(Saved data entries)
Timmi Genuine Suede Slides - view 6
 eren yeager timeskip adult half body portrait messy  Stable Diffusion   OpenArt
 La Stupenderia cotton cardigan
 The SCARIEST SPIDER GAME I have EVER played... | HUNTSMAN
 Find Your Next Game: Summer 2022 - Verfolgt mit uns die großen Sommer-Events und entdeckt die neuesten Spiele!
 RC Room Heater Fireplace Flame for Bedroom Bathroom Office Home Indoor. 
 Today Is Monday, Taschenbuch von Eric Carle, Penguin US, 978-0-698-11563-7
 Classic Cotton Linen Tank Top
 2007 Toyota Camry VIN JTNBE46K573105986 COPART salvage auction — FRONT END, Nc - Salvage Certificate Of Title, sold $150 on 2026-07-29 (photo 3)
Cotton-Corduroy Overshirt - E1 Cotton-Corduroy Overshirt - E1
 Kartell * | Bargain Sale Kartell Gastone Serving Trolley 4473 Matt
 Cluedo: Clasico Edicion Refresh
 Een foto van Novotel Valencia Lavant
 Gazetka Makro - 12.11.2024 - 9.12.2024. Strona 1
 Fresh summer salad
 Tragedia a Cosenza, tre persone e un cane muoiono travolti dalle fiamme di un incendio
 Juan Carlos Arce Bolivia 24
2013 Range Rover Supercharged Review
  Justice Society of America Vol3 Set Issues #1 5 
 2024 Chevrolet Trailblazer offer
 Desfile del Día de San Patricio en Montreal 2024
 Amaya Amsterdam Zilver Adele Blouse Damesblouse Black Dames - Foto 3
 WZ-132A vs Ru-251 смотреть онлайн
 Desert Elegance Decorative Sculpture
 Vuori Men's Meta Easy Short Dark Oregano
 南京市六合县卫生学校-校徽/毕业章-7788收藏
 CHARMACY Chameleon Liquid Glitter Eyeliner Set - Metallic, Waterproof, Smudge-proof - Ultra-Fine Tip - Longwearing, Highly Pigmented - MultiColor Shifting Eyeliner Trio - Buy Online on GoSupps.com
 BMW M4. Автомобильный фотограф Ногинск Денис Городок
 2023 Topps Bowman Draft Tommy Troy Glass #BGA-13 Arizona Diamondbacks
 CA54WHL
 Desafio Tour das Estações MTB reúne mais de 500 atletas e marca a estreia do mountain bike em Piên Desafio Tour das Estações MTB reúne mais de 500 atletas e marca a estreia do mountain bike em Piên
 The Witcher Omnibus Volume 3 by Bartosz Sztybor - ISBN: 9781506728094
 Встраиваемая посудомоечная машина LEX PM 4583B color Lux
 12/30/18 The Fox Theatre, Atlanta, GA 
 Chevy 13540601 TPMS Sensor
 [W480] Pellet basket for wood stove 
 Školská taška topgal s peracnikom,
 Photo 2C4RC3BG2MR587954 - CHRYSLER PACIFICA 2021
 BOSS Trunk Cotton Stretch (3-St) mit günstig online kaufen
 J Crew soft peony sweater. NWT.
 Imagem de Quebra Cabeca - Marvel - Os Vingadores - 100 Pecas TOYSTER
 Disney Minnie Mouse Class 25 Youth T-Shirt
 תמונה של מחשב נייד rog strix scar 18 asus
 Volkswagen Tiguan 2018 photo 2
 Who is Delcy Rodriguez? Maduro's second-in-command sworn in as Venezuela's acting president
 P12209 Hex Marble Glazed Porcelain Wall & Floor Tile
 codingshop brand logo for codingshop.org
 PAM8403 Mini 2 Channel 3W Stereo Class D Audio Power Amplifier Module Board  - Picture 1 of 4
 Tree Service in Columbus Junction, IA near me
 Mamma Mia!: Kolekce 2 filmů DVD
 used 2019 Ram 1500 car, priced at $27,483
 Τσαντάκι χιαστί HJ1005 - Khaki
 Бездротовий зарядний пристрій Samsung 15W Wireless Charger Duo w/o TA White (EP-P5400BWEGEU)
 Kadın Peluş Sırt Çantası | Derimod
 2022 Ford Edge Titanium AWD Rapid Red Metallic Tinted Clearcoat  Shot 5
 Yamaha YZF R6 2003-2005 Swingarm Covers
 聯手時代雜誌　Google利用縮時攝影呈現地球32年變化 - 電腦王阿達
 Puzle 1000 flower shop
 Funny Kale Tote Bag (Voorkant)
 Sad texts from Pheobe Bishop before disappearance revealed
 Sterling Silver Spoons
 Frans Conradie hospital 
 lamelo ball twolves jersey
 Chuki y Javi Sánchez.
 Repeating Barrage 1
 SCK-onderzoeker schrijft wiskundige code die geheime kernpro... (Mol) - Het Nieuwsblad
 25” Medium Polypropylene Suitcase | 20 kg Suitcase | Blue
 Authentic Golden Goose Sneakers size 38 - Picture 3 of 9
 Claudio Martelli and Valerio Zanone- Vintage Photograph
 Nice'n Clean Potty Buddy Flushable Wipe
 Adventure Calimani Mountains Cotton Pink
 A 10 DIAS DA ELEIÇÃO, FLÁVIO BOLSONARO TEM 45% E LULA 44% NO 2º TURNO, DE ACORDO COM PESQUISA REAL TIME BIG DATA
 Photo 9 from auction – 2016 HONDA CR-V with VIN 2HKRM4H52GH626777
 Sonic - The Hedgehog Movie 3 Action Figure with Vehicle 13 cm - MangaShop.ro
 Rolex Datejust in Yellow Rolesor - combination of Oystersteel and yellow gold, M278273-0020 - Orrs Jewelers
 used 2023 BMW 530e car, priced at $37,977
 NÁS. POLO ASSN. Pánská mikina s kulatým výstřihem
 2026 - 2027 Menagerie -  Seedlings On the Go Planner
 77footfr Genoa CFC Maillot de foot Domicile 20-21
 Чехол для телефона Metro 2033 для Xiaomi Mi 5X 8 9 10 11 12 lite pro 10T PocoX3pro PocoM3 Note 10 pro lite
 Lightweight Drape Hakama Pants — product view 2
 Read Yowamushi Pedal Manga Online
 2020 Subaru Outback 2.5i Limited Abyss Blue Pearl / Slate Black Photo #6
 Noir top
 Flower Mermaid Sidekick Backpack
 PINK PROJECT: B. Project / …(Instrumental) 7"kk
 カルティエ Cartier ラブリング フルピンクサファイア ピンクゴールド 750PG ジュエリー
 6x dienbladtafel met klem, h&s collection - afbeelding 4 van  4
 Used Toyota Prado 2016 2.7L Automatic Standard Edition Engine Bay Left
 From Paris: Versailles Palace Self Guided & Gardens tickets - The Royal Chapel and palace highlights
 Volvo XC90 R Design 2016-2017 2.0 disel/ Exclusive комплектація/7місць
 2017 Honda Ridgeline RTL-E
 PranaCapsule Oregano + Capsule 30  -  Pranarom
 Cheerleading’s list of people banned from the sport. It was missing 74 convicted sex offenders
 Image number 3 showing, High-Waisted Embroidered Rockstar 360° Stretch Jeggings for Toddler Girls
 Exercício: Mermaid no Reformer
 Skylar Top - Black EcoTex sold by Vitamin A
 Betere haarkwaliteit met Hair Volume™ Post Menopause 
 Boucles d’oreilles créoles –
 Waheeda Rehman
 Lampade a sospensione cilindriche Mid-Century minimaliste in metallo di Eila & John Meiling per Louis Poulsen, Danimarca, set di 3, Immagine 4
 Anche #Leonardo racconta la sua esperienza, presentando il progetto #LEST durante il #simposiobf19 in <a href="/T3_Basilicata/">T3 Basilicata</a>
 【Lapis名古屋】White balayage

▶ [Exercise directions]: Each entry must be output exactly as it was written.

▶ [Response box]:
Timmi Genuine Suede Slides - view 6
 eren yeager timeskip adult half body portrait messy  Stable Diffusion   OpenArt
 La Stupenderia cotton cardigan
 The SCARIEST SPIDER GAME I have EVER played... | HUNTSMAN
 Find Your Next Game: Summer 2022 - Verfolgt mit uns die großen Sommer-Events und entdeckt die neuesten Spiele!
 RC Room Heater Fireplace Flame for Bedroom Bathroom Office Home Indoor. 
 Today Is Monday, Taschenbuch von Eric Carle, Penguin US, 978-0-698-11563-7
 Classic Cotton Linen Tank Top
 2007 Toyota Camry VIN JTNBE46K573105986 COPART salvage auction — FRONT END, Nc - Salvage Certificate Of Title, sold $150 on 2026-07-29 (photo 3)
Cotton-Corduroy Overshirt - E1 Cotton-Corduroy Overshirt - E1
 Kartell * | Bargain Sale Kartell Gastone Serving Trolley 4473 Matt
 Cluedo: Clasico Edicion Refresh
 Een foto van Novotel Valencia Lavant
 Gazetka Makro - 12.11.2024 - 9.12.2024. Strona 1
 Fresh summer salad
 Tragedia a Cosenza, tre persone e un cane muoiono travolti dalle fiamme di un incendio
 Juan Carlos Arce Bolivia 24
2013 Range Rover Supercharged Review
  Justice Society of America Vol3 Set Issues #1 5 
 2024 Chevrolet Trailblazer offer
 Desfile del Día de San Patricio en Montreal 2024
 Amaya Amsterdam Zilver Adele Blouse Damesblouse Black Dames - Foto 3
 WZ-132A vs Ru-251 смотреть онлайн
 Desert Elegance Decorative Sculpture
 Vuori Men's Meta Easy Short Dark Oregano
 南京市六合县卫生学校-校徽/毕业章-7788收藏
 CHARMACY Chameleon Liquid Glitter Eyeliner Set - Metallic, Waterproof, Smudge-proof - Ultra-Fine Tip - Longwearing, Highly Pigmented - MultiColor Shifting Eyeliner Trio - Buy Online on GoSupps.com
 BMW M4. Автомобильный фотограф Ногинск Денис Городок
 2023 Topps Bowman Draft Tommy Troy Glass #BGA-13 Arizona Diamondbacks
 CA54WHL
 Desafio Tour das Estações MTB reúne mais de 500 atletas e marca a estreia do mountain bike em Piên Desafio Tour das Estações MTB reúne mais de 500 atletas e marca a estreia do mountain bike em Piên
 The Witcher Omnibus Volume 3 by Bartosz Sztybor - ISBN: 9781506728094
 Встраиваемая посудомоечная машина LEX PM 4583B color Lux
 12/30/18 The Fox Theatre, Atlanta, GA 
 Chevy 13540601 TPMS Sensor
 [W480] Pellet basket for wood stove 
 Školská taška topgal s peracnikom,
 Photo 2C4RC3BG2MR587954 - CHRYSLER PACIFICA 2021
 BOSS Trunk Cotton Stretch (3-St) mit günstig online kaufen
 J Crew soft peony sweater. NWT.
 Imagem de Quebra Cabeca - Marvel - Os Vingadores - 100 Pecas TOYSTER
 Disney Minnie Mouse Class 25 Youth T-Shirt
 תמונה של מחשב נייד rog strix scar 18 asus
 Volkswagen Tiguan 2018 photo 2
 Who is Delcy Rodriguez? Maduro's second-in-command sworn in as Venezuela's acting president
 P12209 Hex Marble Glazed Porcelain Wall & Floor Tile
 codingshop brand logo for codingshop.org
 PAM8403 Mini 2 Channel 3W Stereo Class D Audio Power Amplifier Module Board  - Picture 1 of 4
 Tree Service in Columbus Junction, IA near me
 Mamma Mia!: Kolekce 2 filmů DVD
 used 2019 Ram 1500 car, priced at $27,483
 Τσαντάκι χιαστί HJ1005 - Khaki
 Бездротовий зарядний пристрій Samsung 15W Wireless Charger Duo w/o TA White (EP-P5400BWEGEU)
 Kadın Peluş Sırt Çantası | Derimod
 2022 Ford Edge Titanium AWD Rapid Red Metallic Tinted Clearcoat  Shot 5
 Yamaha YZF R6 2003-2005 Swingarm Covers
 聯手時代雜誌　Google利用縮時攝影呈現地球32年變化 - 電腦王阿達
 Puzle 1000 flower shop
 Funny Kale Tote Bag (Voorkant)
 Sad texts from Pheobe Bishop before disappearance revealed
 Sterling Silver Spoons
 Frans Conradie hospital 
 lamelo ball twolves jersey
 Chuki y Javi Sánchez.
 Repeating Barrage 1
 SCK-onderzoeker schrijft wiskundige code die geheime kernpro... (Mol) - Het Nieuwsblad
 25” Medium Polypropylene Suitcase | 20 kg Suitcase | Blue
 Authentic Golden Goose Sneakers size 38 - Picture 3 of 9
 Claudio Martelli and Valerio Zanone- Vintage Photograph
 Nice'n Clean Potty Buddy Flushable Wipe
 Adventure Calimani Mountains Cotton Pink
 A 10 DIAS DA ELEIÇÃO, FLÁVIO BOLSONARO TEM 45% E LULA 44% NO 2º TURNO, DE ACORDO COM PESQUISA REAL TIME BIG DATA
 Photo 9 from auction – 2016 HONDA CR-V with VIN 2HKRM4H52GH626777
 Sonic - The Hedgehog Movie 3 Action Figure with Vehicle 13 cm - MangaShop.ro
 Rolex Datejust in Yellow Rolesor - combination of Oystersteel and yellow gold, M278273-0020 - Orrs Jewelers
 used 2023 BMW 530e car, priced at $37,977
 NÁS. POLO ASSN. Pánská mikina s kulatým výstřihem
 2026 - 2027 Menagerie -  Seedlings On the Go Planner
 77footfr Genoa CFC Maillot de foot Domicile 20-21
 Чехол для телефона Metro 2033 для Xiaomi Mi 5X 8 9 10 11 12 lite pro 10T PocoX3pro PocoM3 Note 10 pro lite
 Lightweight Drape Hakama Pants — product view 2
 Read Yowamushi Pedal Manga Online
 2020 Subaru Outback 2.5i Limited Abyss Blue Pearl / Slate Black Photo #6
 Noir top
 Flower Mermaid Sidekick Backpack
 PINK PROJECT: B. Project / …(Instrumental) 7"kk
 カルティエ Cartier ラブリング フルピンクサファイア ピンクゴールド 750PG ジュエリー
 6x dienbladtafel met klem, h&s collection - afbeelding 4 van  4
 Used Toyota Prado 2016 2.7L Automatic Standard Edition Engine Bay Left
 From Paris: Versailles Palace Self Guided & Gardens tickets - The Royal Chapel and palace highlights
 Volvo XC90 R Design 2016-2017 2.0 disel/ Exclusive комплектація/7місць
 2017 Honda Ridgeline RTL-E
 PranaCapsule Oregano + Capsule 30  -  Pranarom
 Cheerleading’s list of people banned from the sport. It was missing 74 convicted sex offenders
 Image number 3 showing, High-Waisted Embroidered Rockstar 360° Stretch Jeggings for Toddler Girls
 Exercício: Mermaid no Reformer
 Skylar Top - Black EcoTex sold by Vitamin A
 Betere haarkwaliteit met Hair Volume™ Post Menopause 
 Boucles d’oreilles créoles –
 Waheeda Rehman
 Lampade a sospensione cilindriche Mid-Century minimaliste in metallo di Eila & John Meiling per Louis Poulsen, Danimarca, set di 3, Immagine 4
 Anche #Leonardo racconta la sua esperienza, presentando il progetto #LEST durante il #simposiobf19 in <a href="/T3_Basilicata/">T3 Basilicata</a>
 【Lapis名古屋】White balayage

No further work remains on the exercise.